Tus hijos, en cambio, resistían aun a las dentelladas de las serpientes venenosas, y esto porque dabas una muestra de misericordia y los salvabas.
Eran mordidos para recordarles tus oráculos, para que así no te olvidaran completamente ni se volvieran insensibles a tus favores; y muy pronto fueron curados.
Su curación no se debió a hierbas o a pomadas sino a tu palabra, Señor, porque tú lo sanas todo.
Sí, tú tienes poder sobre la vida y la muerte; tú haces que bajen los hombres a la morada subterránea o tú los preservas de ella.
El hombre, en su maldad, es capaz de quitar la vida, pero no puede hacer que vuelva el aliento cuando se ha escapado, ni puede llamar de nuevo al alma que ha partido.
¡Es imposible escapar a tu mano!
Los impíos que se negaron a reconocerte fueron azotados por tu brazo poderoso, perseguidos por lluvias extraordinarias, por el graniza, y tormentas inclementes; el fuego los devoró.
Extraño fenómeno: fue justamente en el agua que lo apaga todo donde el fuego ardía más violentamente, porque todos los elementos se juntaron para proteger a los justos.
Unas veces las llamas besaban para no quemarlos a los animales que habían sido enviados contra los impíos: así comprenderían que Dios quería castigarlos;
otras, en cambio, la llama surgía con más fuerza bajo el aguacero para destruir las cosechas de un país perverso.
A tu pueblo, sin embargo, le distribuías el alimento de los ángeles; le enviabas desde el cielo incansablemente un pan ya listo, que tenía en sí todos los sabores y se adaptaba al gusto de cada cual.
Ese alimento demostraba tu ternura por tus hijos, ya que respondía a los deseos del que lo comía y se transformaba en lo que quería cada uno.
Se parecía a la nieve, pero soportaba el fuego sin derretirse; mientras que por ese tiempo las cosechas de los enemigos eran presa de las llamas que ardían en medio del granizo: los relámpagos brillaban bajo la lluvia.
Pero el fuego parecía haber perdido sus propiedades cuando se trataba del alimento de los justos.
Tu creación está a tu servicio porque tú eres su autor.
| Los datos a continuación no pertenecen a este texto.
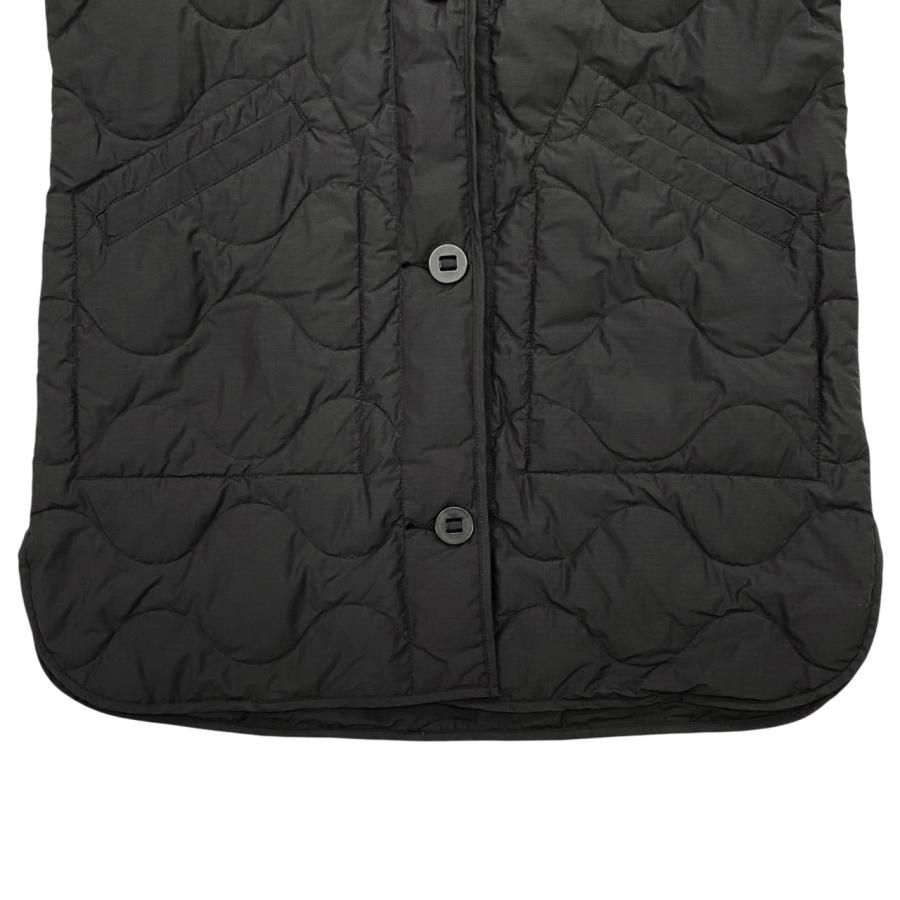 カナダグース ダウンジャケット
Se dedica a castigar a los malos, y luego se ablanda en favor de los que en ti ponen su confianza.
Para servir a tu bondad, que da a todos el alimento, se transformó, acomodándose al deseo de los que la necesitaban.
Así aprendieron tus hijos muy queridos, Señor, que no son los productos de la tierra lo que alimenta al hombre, sino que es tu palabra lo que sostiene a los que creen en ti.
Ese alimento que el fuego no podía destruir se derretía con el calor del primer rayo de sol,
para que así supieran que hay que adelantarse al sol para darte gracias y rezarte desde el amanecer.
Pues los proyectos de los ingratos se derretirán como la escarcha invernal y se escurrirán como agua que se pierde.